(The task):
Your answer must be the lines of the material below, exactly as written, from its first line through the line with "Louis Vuitton CarryAll BB - Picture 16 of 16", and no pictures.

(Extracted data):
________________________
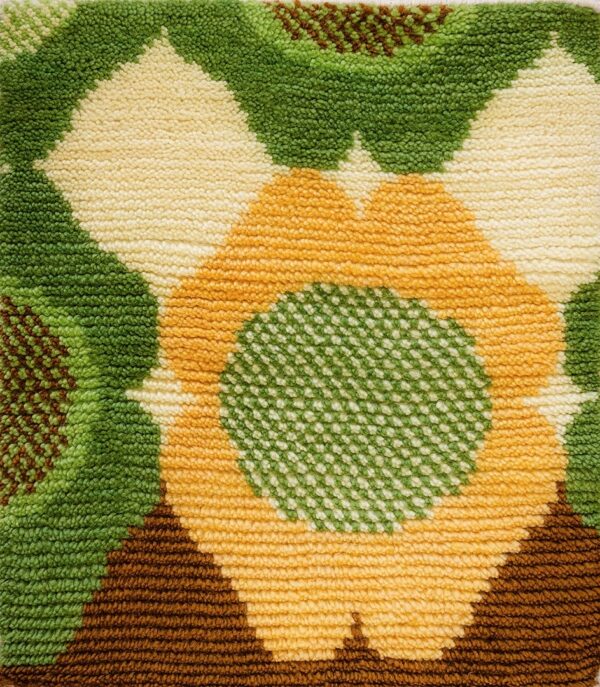Contemporary american hooked rug, design 6160a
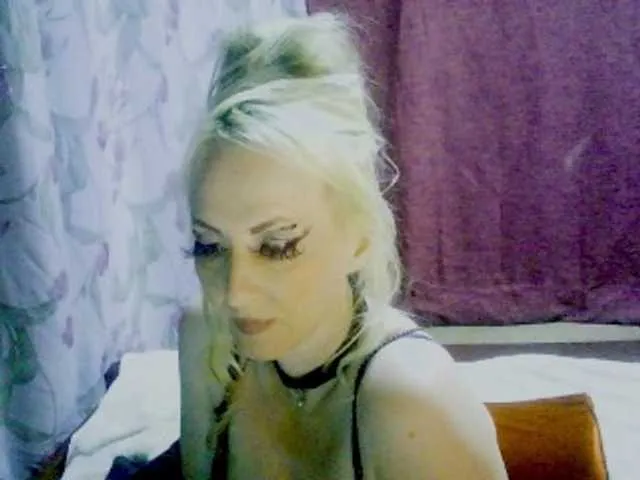 Live sex webcam photo for KatrinExcite #291619743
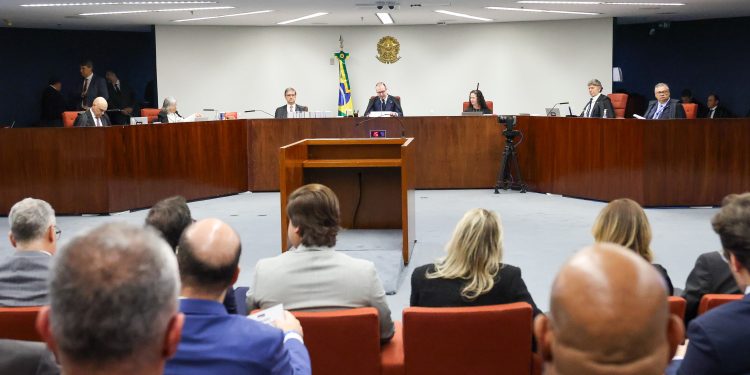 Momento é histórico e é hora de o Brasil criar uma vacina contra o golpismo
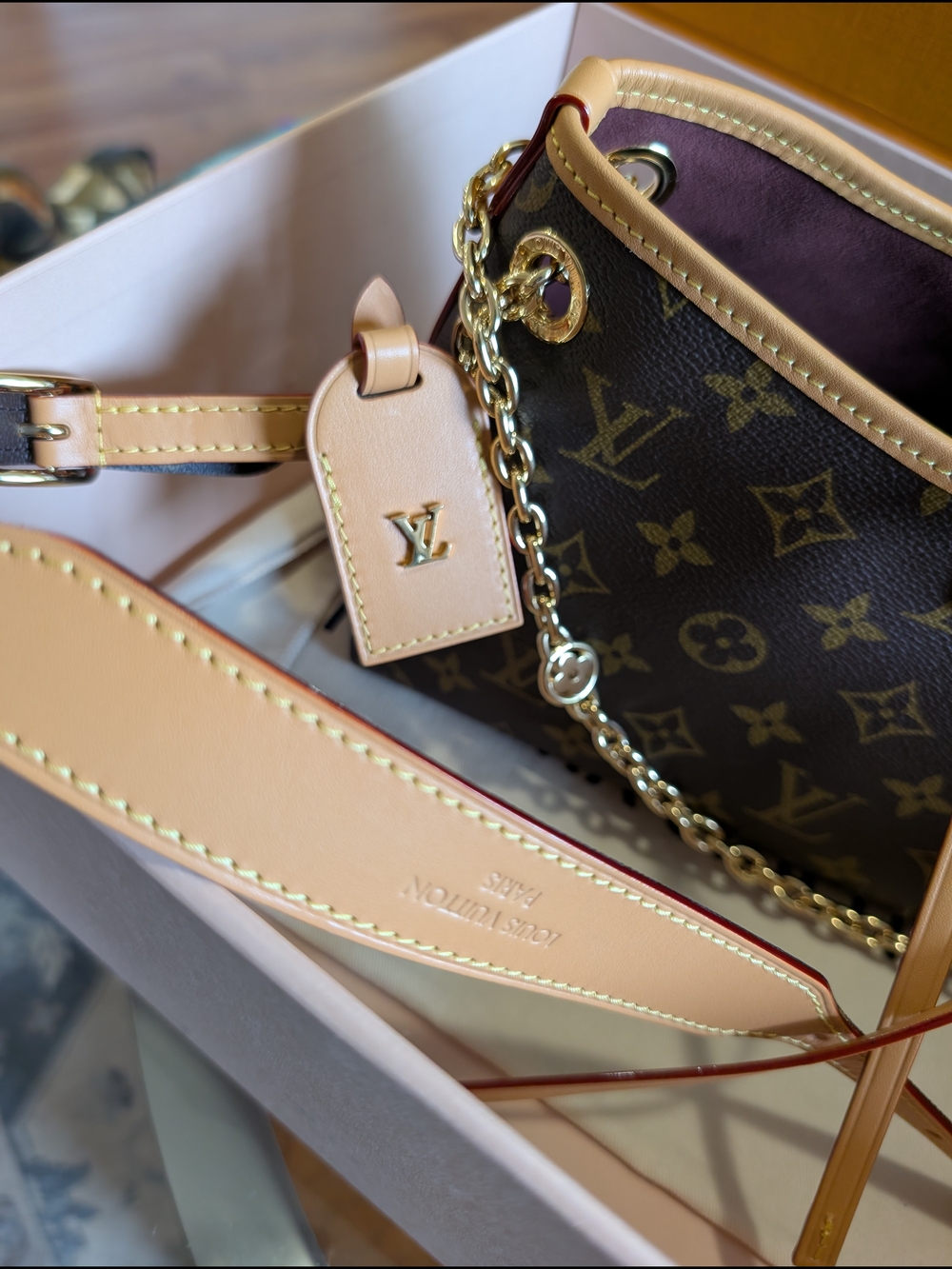 Louis Vuitton CarryAll BB - Picture 16 of 16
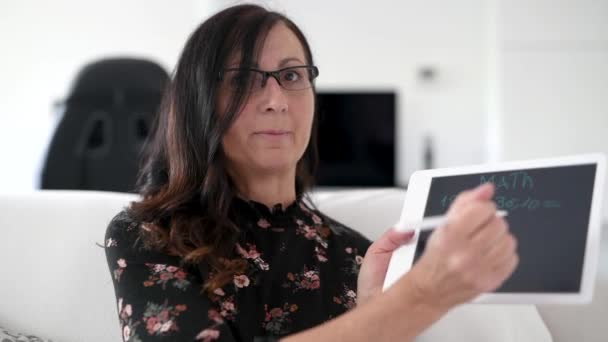 Insegnante femminile in videoconferenza chiamata sul computer portatile parlare via webcam imparare insegnare in chat online tenendo tablet, webinar a distanza concetto di insegnamento online. Bambini scuola elementare e-learning — Video Stock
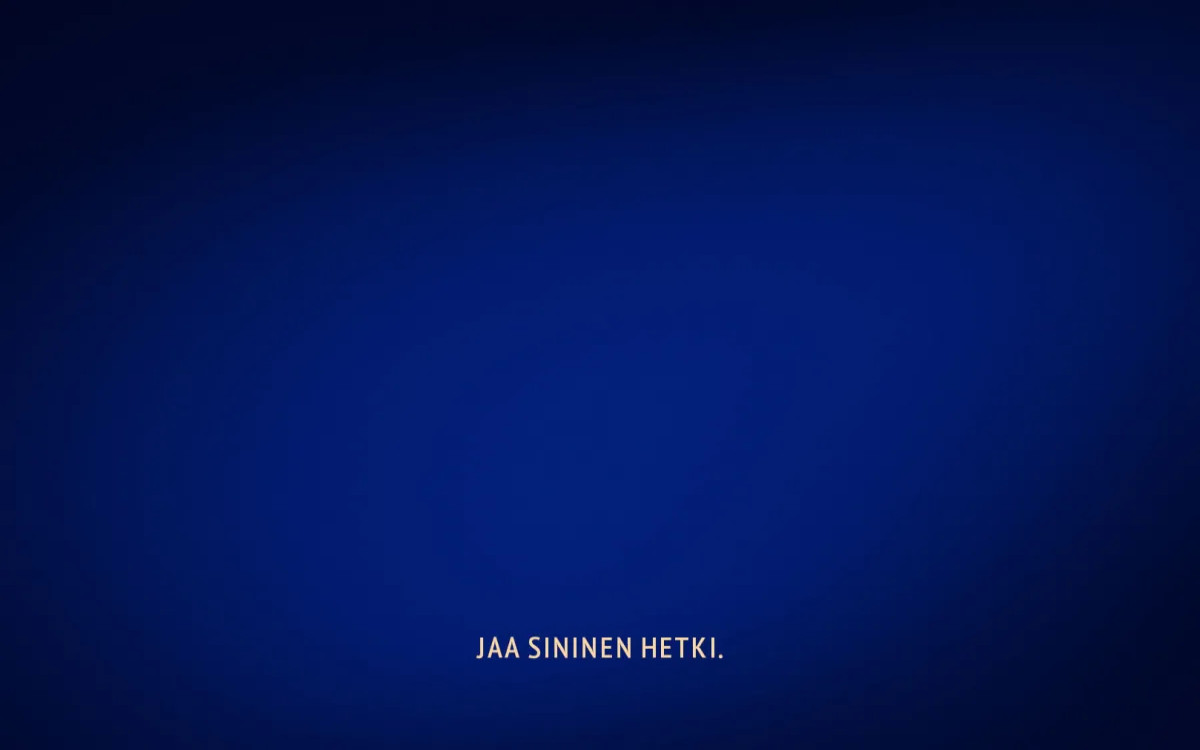 Oglas brez logotipa in izdelka, ki zaupa v ikoničnost blagovne znamke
________________________
(Solution to this task):
Contemporary american hooked rug, design 6160a
 Live sex webcam photo for KatrinExcite #291619743
 Momento é histórico e é hora de o Brasil criar uma vacina contra o golpismo
 Louis Vuitton CarryAll BB - Picture 16 of 16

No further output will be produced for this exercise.